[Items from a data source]
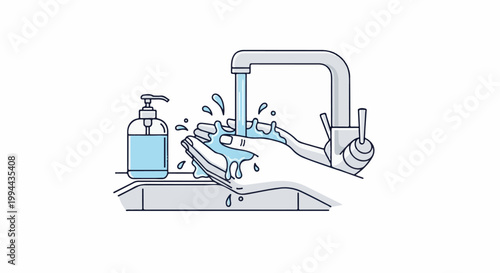 Hands being washed under a faucet with soap dispenser nearby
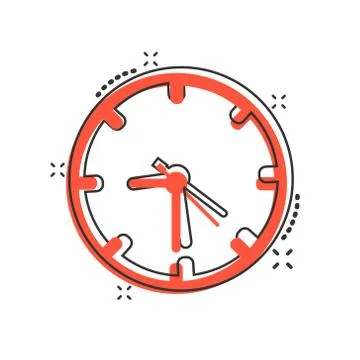 Clock sign icon in comic style. Time management vector cartoon illustration o Stockillustratie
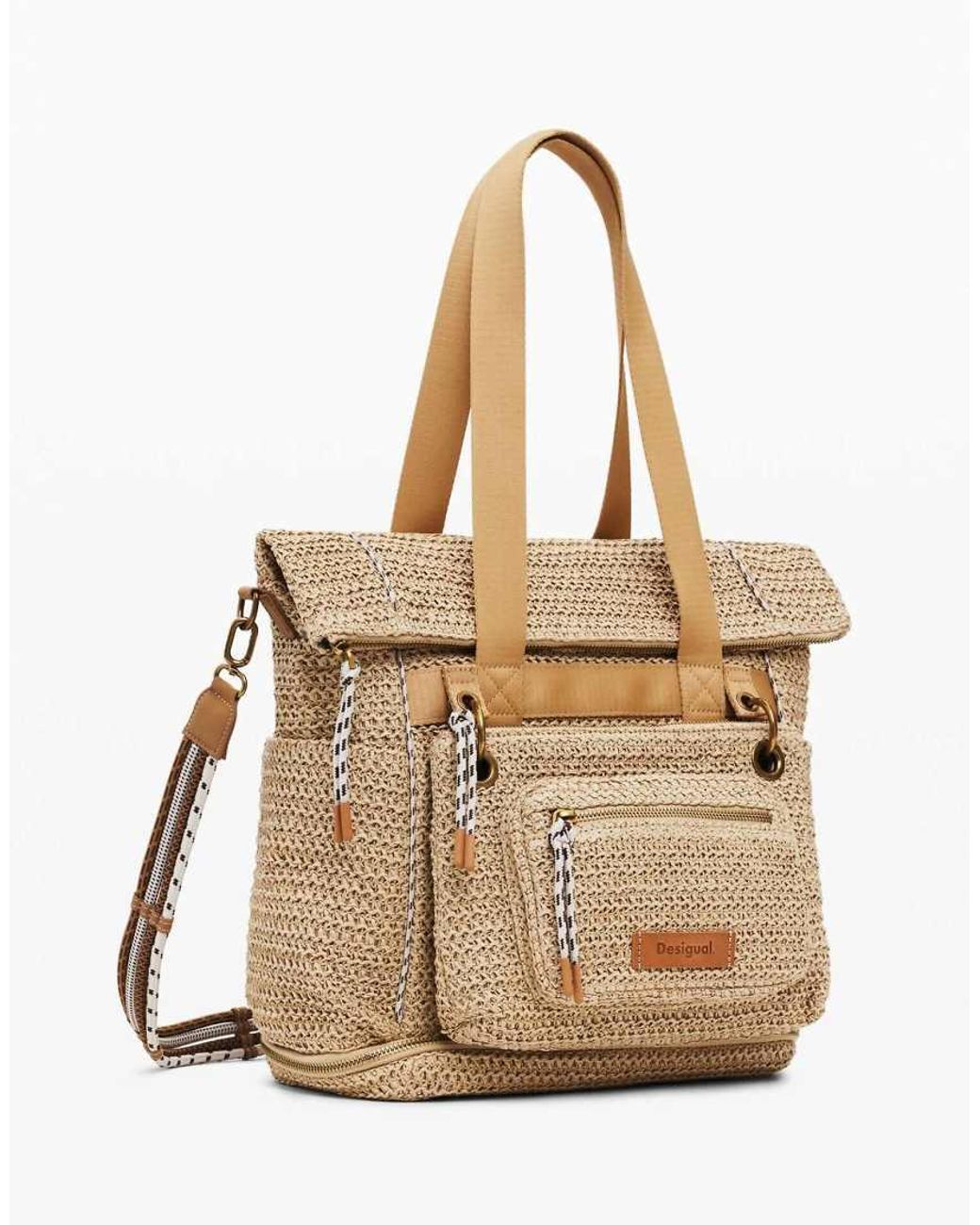 Desigual Natural Large Modular Raffia Backpack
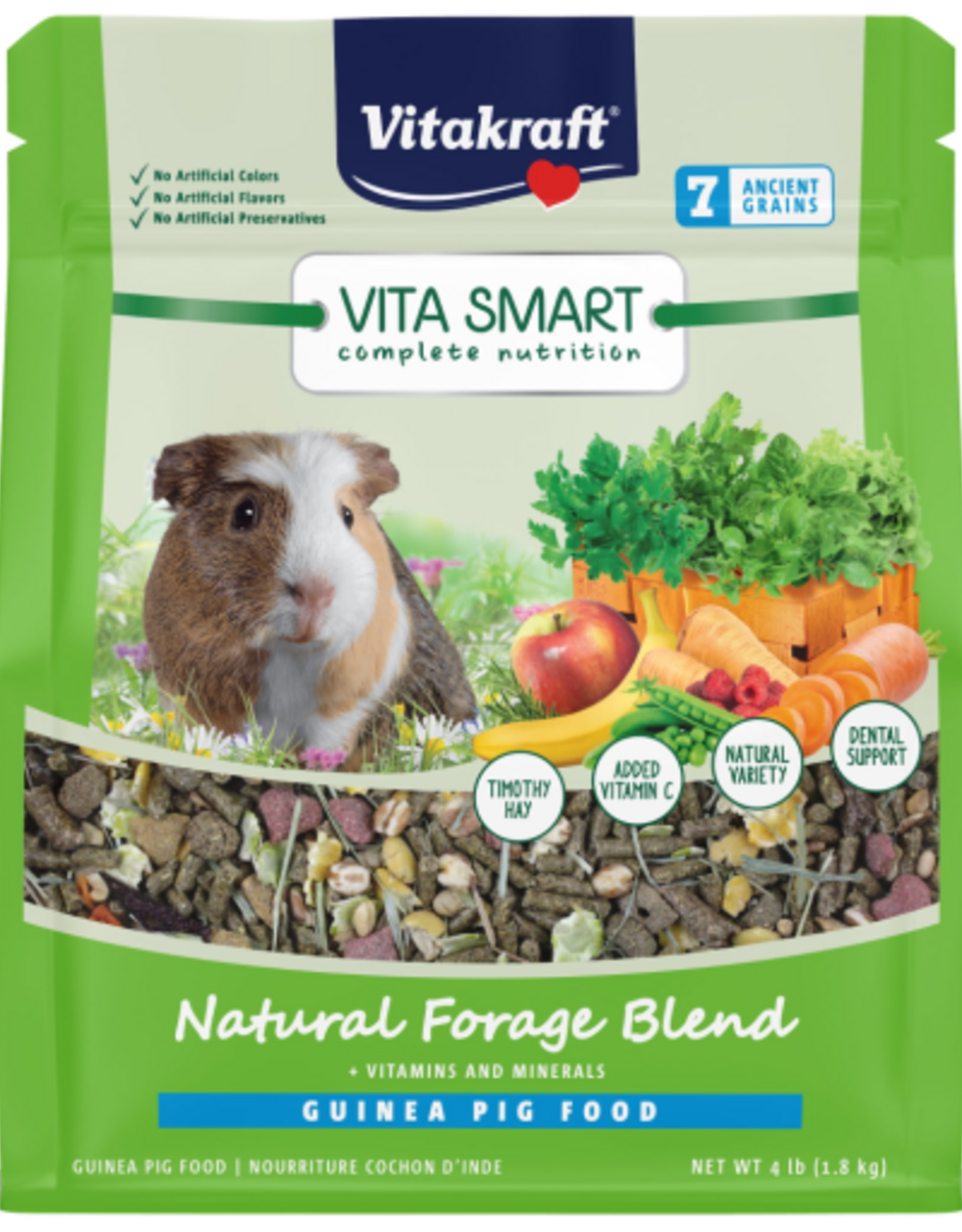 Vitakraft Sun Seed VITAKRAFT VITA SMART NATURAL FORAGE GUINEA PIG FOOD 4LBS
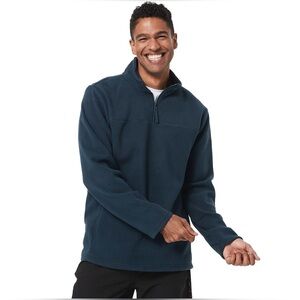 Croft & Barrow Men’s 1/4 Zip Navy Fleece Long Sleeve Pullover Jacket | L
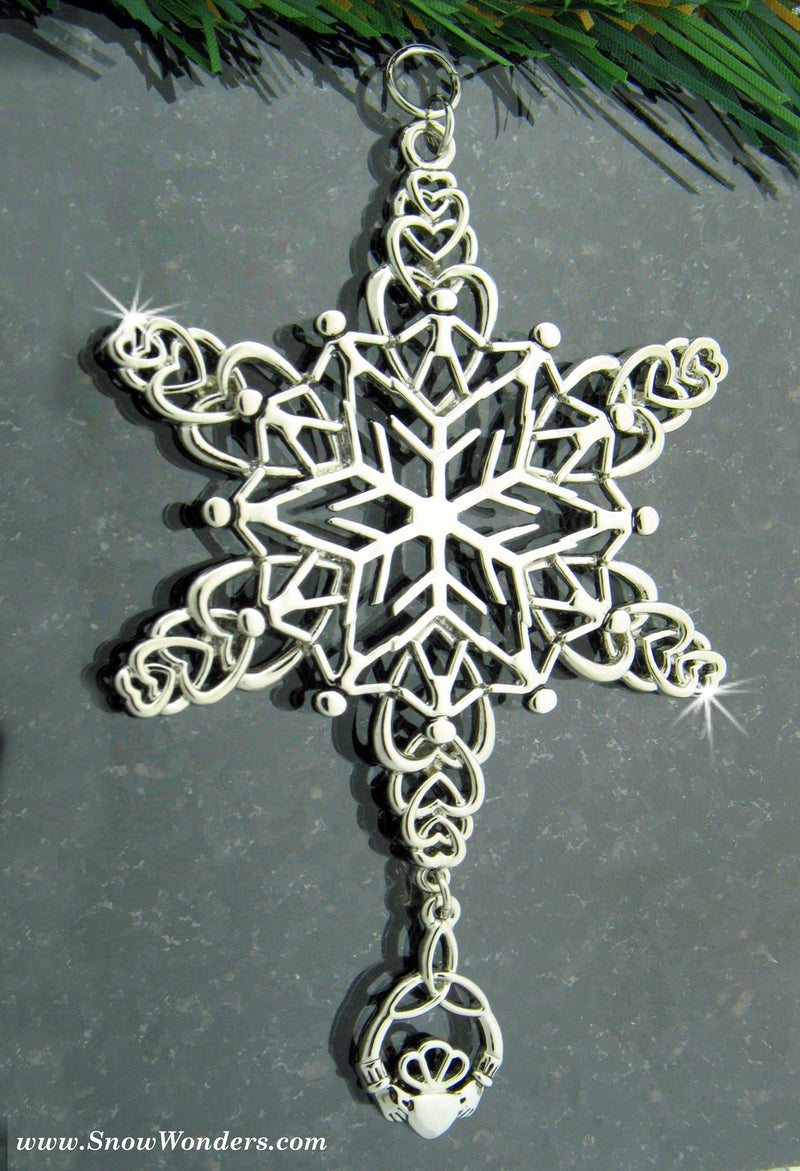 My Celtic Family Trinity Claddaugh SnowWonders® Snowflake Ornament, (JPEW6051)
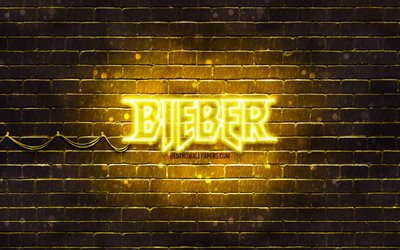 Justin Bieber yellow logo, 4k, american singer, yellow brickwall, Justin Bieber logo, Justin Drew Bieber, Justin Bieber, music stars, Justin Bieber neon logo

TASK STATEMENT
Whatever lies between the first line of the data and the line holding "Desigual Natural Large", inclusive, should be repeated exactly, apart from the pictures.

TASK ANSWER
 Hands being washed under a faucet with soap dispenser nearby
 Clock sign icon in comic style. Time management vector cartoon illustration o Stockillustratie
 Desigual Natural Large Modular Raffia Backpack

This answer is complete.